Most often, this little space in the Blogosphere will be used to expand on something that is or will be in the Kitsap Sun (the Flamethrower) and/or kitsapsun.com (the Cyber-Flamethrower), or air something that should’ve been, but was too late or too uncatagorizeable (?? is that a word? is that a misspelling? I’m told I can get away with misspellings in Cyberspace, because nobody cares …)

But once in a while, there’ll be something that wouldn’t go in the paper or on the Web site, little personal missives from yours truly that will be unique to this BlogSpace. These usually will fall into the categories of either Rants or Treasures .

Treasures will be little notes, reviews in review, of older CDs or movies that you might’ve missed when they were new, but still are recommended, either by me or somebody I trust to not steer us all toward swill.

Raves will be, well, complaints. Screeds. Bitches. Moans. Tirades. Tantrums. Probably long-winded, probably bad-tempered, perhaps ill-advised, but honest opinions that you can respond to, if you like, either in agreement or with some reactionary raving of your own.

It could be fun, and cathartic. It probably won’t be good journalism, but, hey … it’s Cyberspace, people, and anything goes (anything, that is, that won’t get Yours Truly kicked off of said Cyberspace … because once you’re kicked off of Cyberspace, I imagine, there’s no place else to go).

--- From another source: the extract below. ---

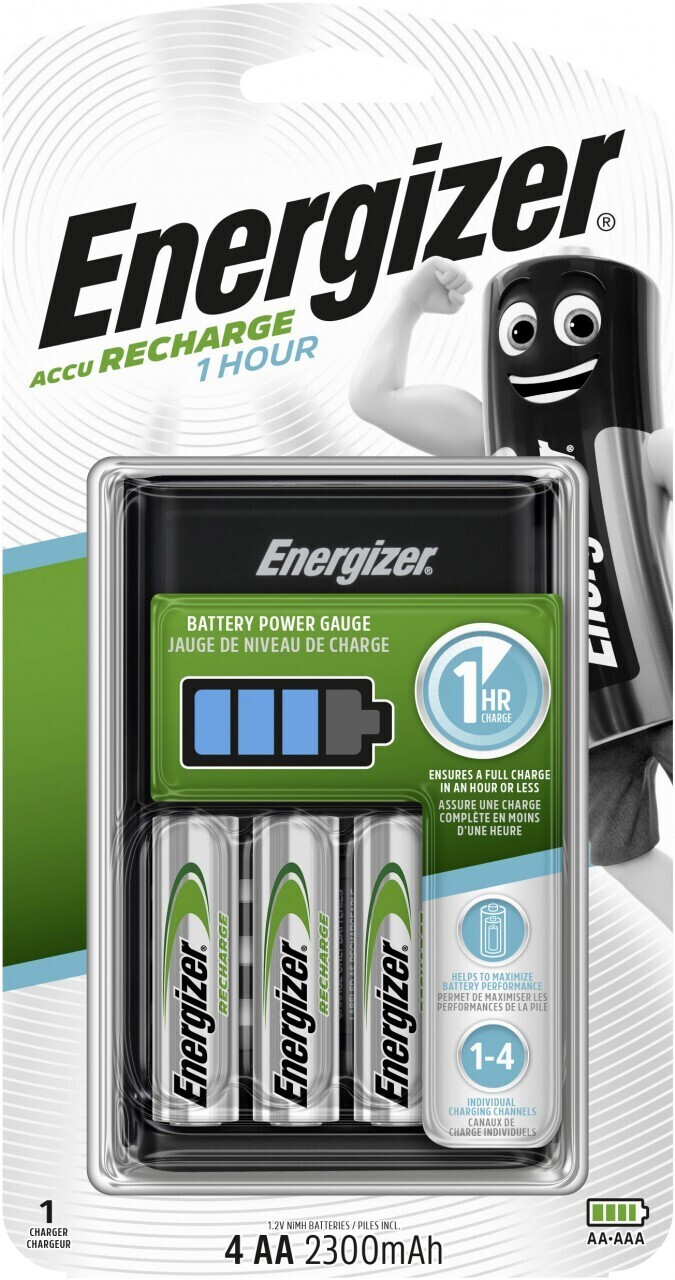 Stock Bureau - ENERGIZER Chargeur Piles Rechargeables AA et AAA, Chargeur  Express (4 Piles AA incluses)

All that being said, here’s our inaugural Rave:

WHAT THE @#*%!! is with all these band that have the word @#*%!! in their names ??

I suppose it used to be provocative, or shocking, or cutting-edge, "anti-establishment." Now, it’s just boring. It’s a cry for help.

Nowadays, the word @#*%!! in a band name tells me you’ve got nothing else. "We can’t play, we can’t write, we don’t have much in the way of stage presence or charisma, or even good hair, but … @#*%!!

I’m against censorship. But I’m also sensitive to the folks who’d like to hear and see certain things only if they so choose.

Even so, if the word @#*%!! was in any way germaine to what you’re doing with your music, or relevent to the way you make your music, I’d be the first to tell you to go @#*%!! yourselves … namewise, that is.

But if it’s just a cheap, hackneyed, boring play for a few seconds of attention, then I’ve got to tell you it’s having the exact opposite effect. It’s telling me to ignore you. Remember the old commercial: "With a name like Smuckers, it’s got to be good?" Well, with a word like @#*%!! in your name, you’ve got to be bad.

First, get some game. Then get a name.